__Task item__.
Set down, please, the line that contains "this 896×1343 image." and every line that follows it to the end of the records, exactly; do not include pictures.

Stored data entries:
--- START ---

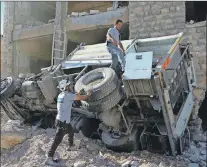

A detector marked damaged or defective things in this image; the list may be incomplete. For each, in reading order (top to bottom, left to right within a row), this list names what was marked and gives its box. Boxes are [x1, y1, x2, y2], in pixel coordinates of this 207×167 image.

overturned vehicle [0, 32, 197, 155]
damaged truck [0, 32, 199, 155]
wrecked white vehicle [0, 32, 199, 155]
damaged building [0, 1, 206, 94]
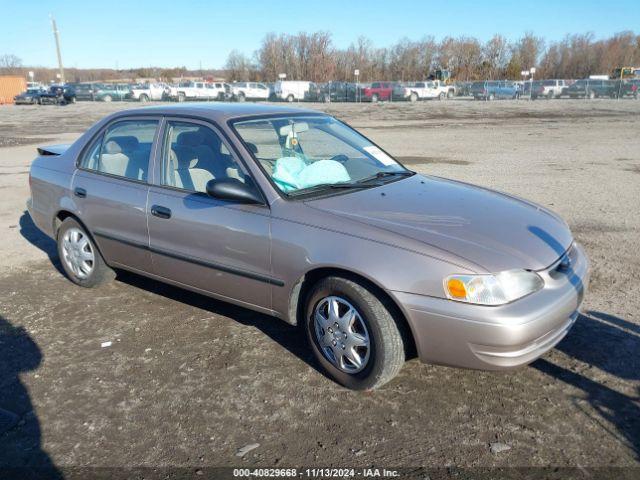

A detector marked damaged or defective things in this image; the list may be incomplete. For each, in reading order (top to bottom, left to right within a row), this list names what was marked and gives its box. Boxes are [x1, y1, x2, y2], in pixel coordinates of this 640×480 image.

deployed airbag [272, 157, 350, 192]
damaged windshield [230, 115, 410, 195]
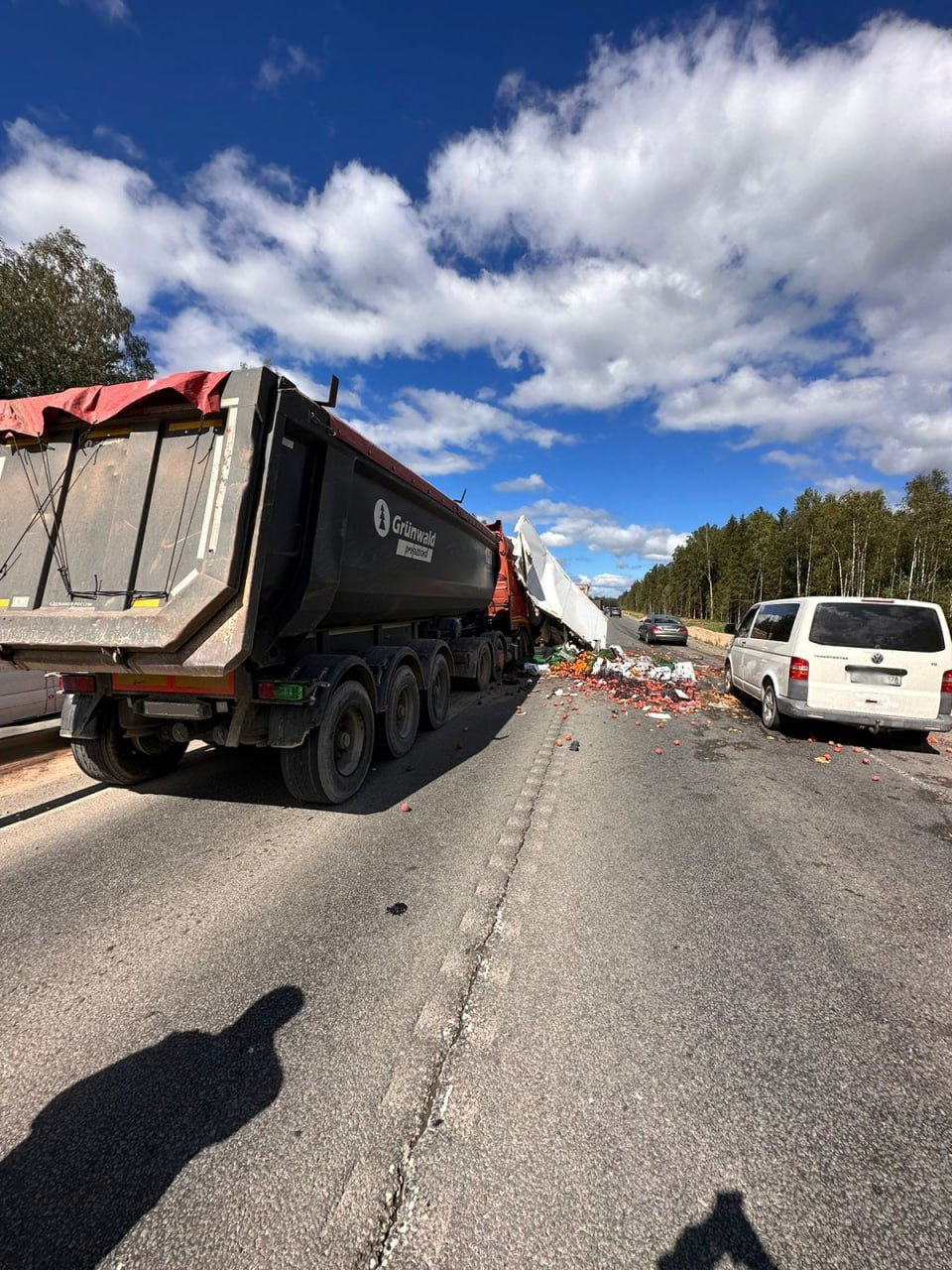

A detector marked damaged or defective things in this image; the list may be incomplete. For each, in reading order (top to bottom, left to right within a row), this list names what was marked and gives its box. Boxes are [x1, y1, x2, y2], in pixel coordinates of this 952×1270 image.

cracked road surface [1, 671, 952, 1262]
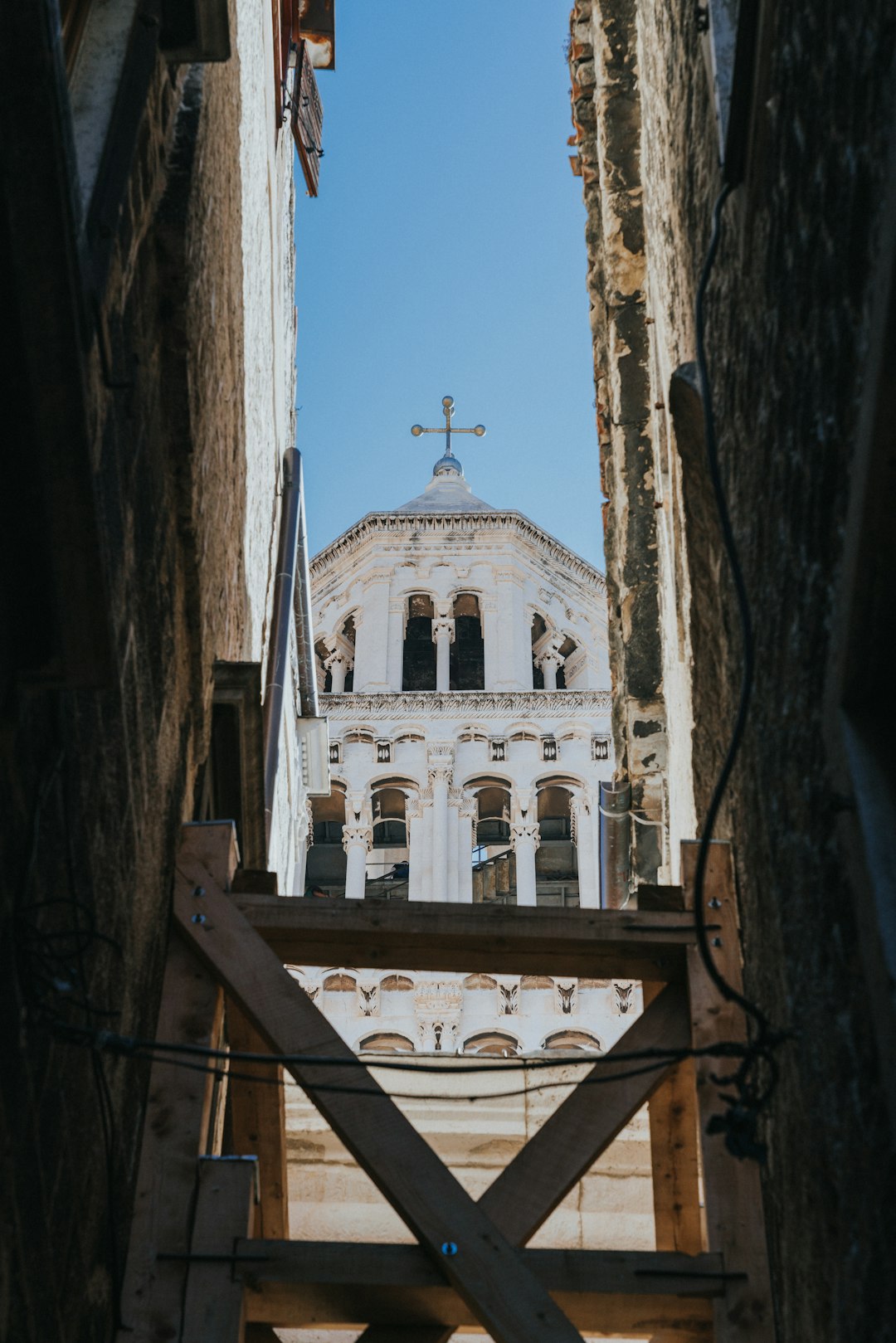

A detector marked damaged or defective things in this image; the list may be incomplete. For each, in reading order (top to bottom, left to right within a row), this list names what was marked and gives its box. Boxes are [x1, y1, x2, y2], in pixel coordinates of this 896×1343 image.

rusty metal sheet [299, 0, 334, 69]
rusty metal sheet [292, 41, 324, 196]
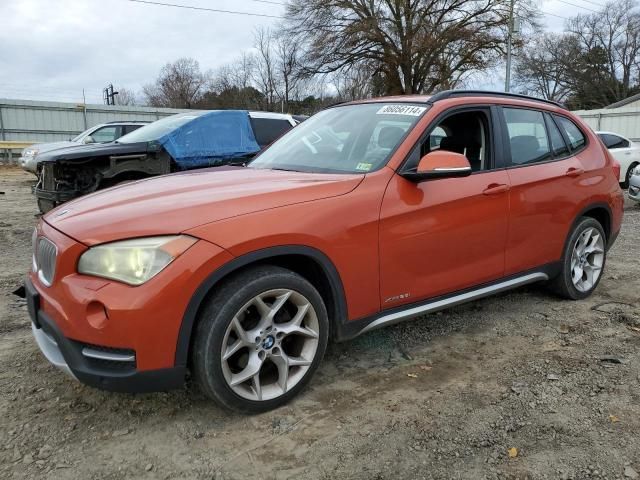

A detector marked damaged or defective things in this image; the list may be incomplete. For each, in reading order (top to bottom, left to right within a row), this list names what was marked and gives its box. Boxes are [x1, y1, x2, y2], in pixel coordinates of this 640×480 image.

wrecked vehicle [32, 111, 298, 213]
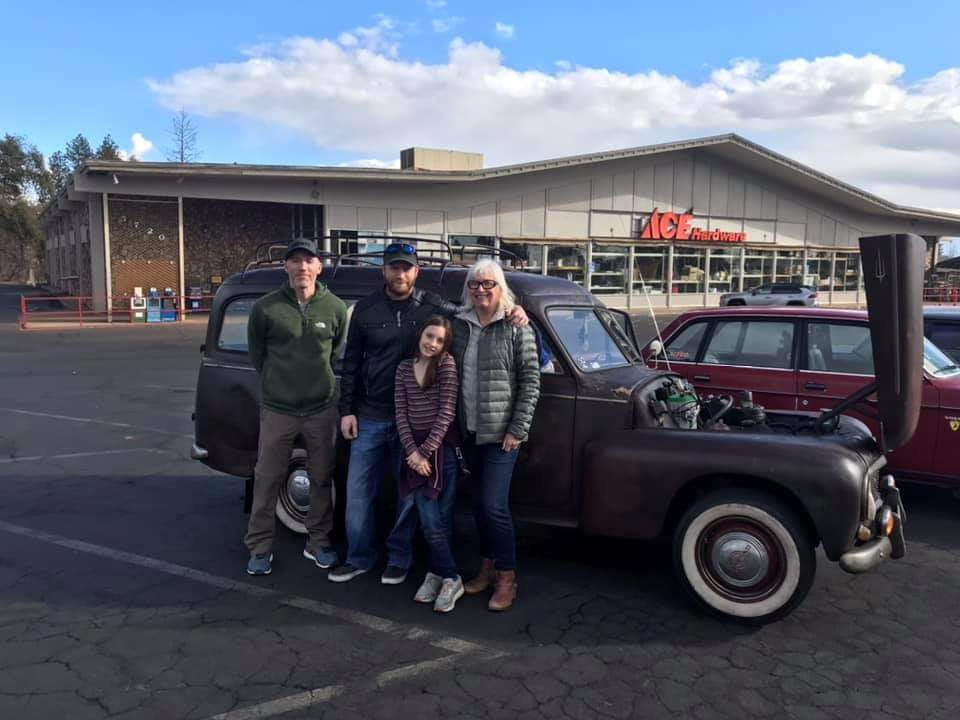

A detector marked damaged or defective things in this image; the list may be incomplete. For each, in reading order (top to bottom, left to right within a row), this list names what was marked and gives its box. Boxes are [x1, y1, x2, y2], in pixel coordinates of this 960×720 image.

--- END ---

__The answer__.
A detector marked damaged or defective things in this image; the list may be incomplete. For each, in reading order (top to bottom, left to right within a row), this list names what was marked and gives its box. Boxes are [x1, y1, x2, y2], in pixel coordinates of this 896×1343 image.

rusty metal sheet [299, 0, 334, 69]
rusty metal sheet [292, 41, 324, 196]

A detector marked damaged or defective things in this image; the list may be incomplete. For each, in reading order (top to bottom, left to right within a row), this list names what was marked and gives its box. Boxes are [x1, y1, x2, y2], in pixel coordinates of this 640×480 image.

wrecked vehicle [32, 111, 298, 213]

A detector marked damaged or defective things in this image; the list may be incomplete. For each, in reading order (top to bottom, left to right within a row), this list names what was marked and gives its box. Boxes are [x1, y1, x2, y2], in pixel coordinates of this 960×720 image.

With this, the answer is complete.